Problem description: Copy nothing but the text: reproduce each line of the listing exactly and leave the pictures out.

The data:
......
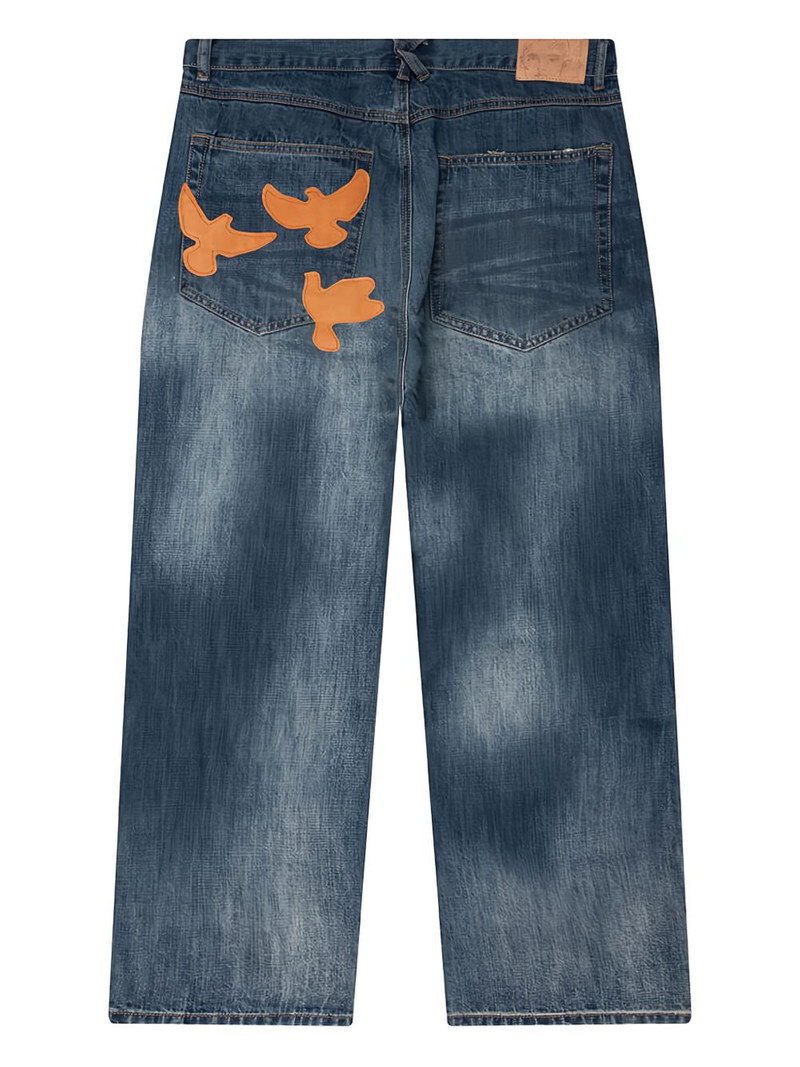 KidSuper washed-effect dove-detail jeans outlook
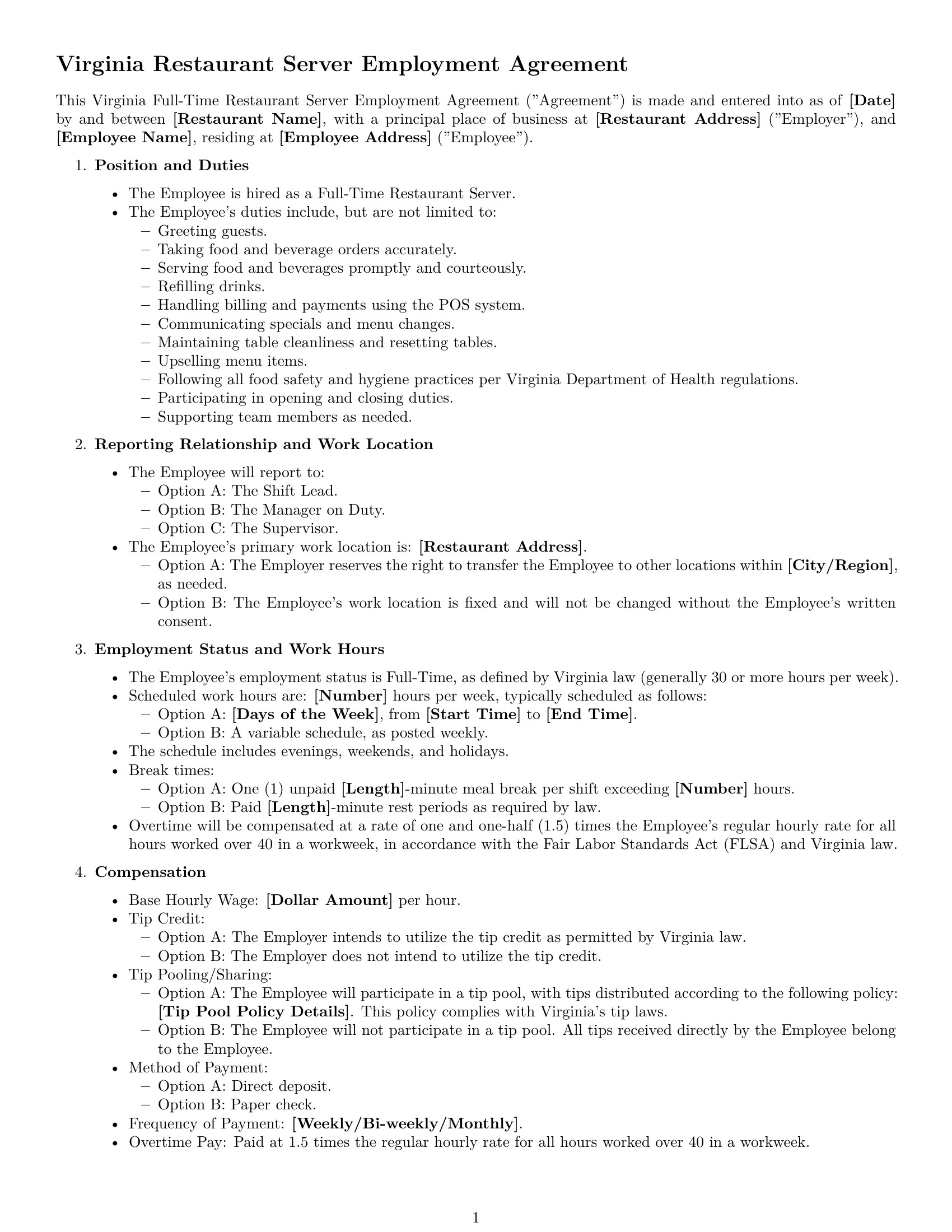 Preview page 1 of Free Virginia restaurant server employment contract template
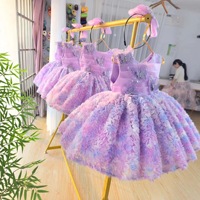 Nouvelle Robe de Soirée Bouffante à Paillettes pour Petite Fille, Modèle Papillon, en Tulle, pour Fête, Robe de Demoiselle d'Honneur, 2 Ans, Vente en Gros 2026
......
Result of this exercise:
 KidSuper washed-effect dove-detail jeans outlook
 Preview page 1 of Free Virginia restaurant server employment contract template
 Nouvelle Robe de Soirée Bouffante à Paillettes pour Petite Fille, Modèle Papillon, en Tulle, pour Fête, Robe de Demoiselle d'Honneur, 2 Ans, Vente en Gros 2026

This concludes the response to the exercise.